WordPress runs roughly 43% of all websites, which makes it the single biggest target for automated attacks. Managed hosting providers handle the security baseline for us, patching the server, blocking brute force, scanning files. On a VPS that responsibility shifts entirely to the administrator. We get root access and full flexibility, and we also get full ownership of every misconfiguration that lands the site in someone else's botnet.

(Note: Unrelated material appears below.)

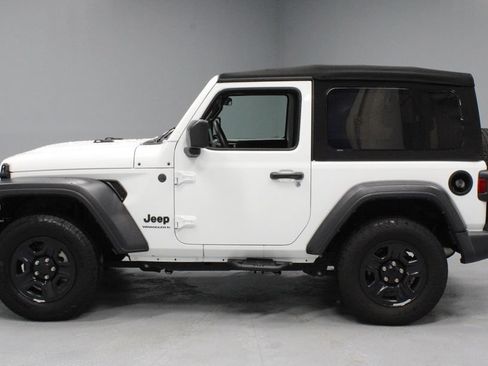 Used 2024 Jeep Wrangler Sport AWD/4WD image 7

In this guide we walk through hardening a WordPress site on a fresh VPS step by step. We cover the SSH layer, firewall, HTTPS, file permissions, wp-config tweaks, brute force protection, and backups. The goal is a baseline that stops the vast majority of automated attacks that hit every public WordPress site within hours of going live.
What we are protecting against
The threat model for a typical WordPress site on a VPS breaks down into a few recurring categories. The first is brute force on the login endpoints, mostly wp-login.php and xmlrpc.php, where bots cycle through credential lists at hundreds of attempts per minute. The second is exploitation of vulnerable plugins and themes, which according to multiple security vendors account for over 90% of WordPress security incidents. The third is direct SSH brute force against the VPS itself. The fourth is misconfigured file permissions that let attackers read database credentials or write malicious code. The fifth is missing TLS, which leaks admin sessions over open networks.
Each section below addresses one of these vectors with a concrete configuration step.
Prerequisites
To follow along we need:
- A VPS running Ubuntu 22.04 LTS or Ubuntu 24.04 LTS
- Root SSH access provided by the hosting panel
- A working WordPress installation on a LEMP stack (Linux, Nginx, MySQL or MariaDB, PHP-FPM)
- A registered domain with an A-record pointing to the VPS public IP
For our walkthrough we use a Serverspace VPS with Ubuntu 24.04 as the test environment, but every command is portable to any Ubuntu-based provider. If you need a fresh server to follow along, you can spin up a Serverspace VPS in a few minutes.
Step 1: Hardening the SSH layer
The SSH service is the single most exposed part of any VPS. Within hours of provisioning we will see hundreds of brute force attempts in /var/log/auth.log from automated scanners. The first move is to take SSH off password authentication.
We start by creating a non-root sudo user, since root is the one username every attacker tries first.
sudo adduser deploy
sudo usermod -aG sudo deploy
Generate an SSH key on the local machine (not on the server) and copy the public key to the VPS:
ssh-keygen -t ed25519 -C "your@email.com"
ssh-copy-id deploy@your-server-ip
Test the new login in a fresh terminal. If ssh deploy@your-server-ip works without a password prompt, we proceed.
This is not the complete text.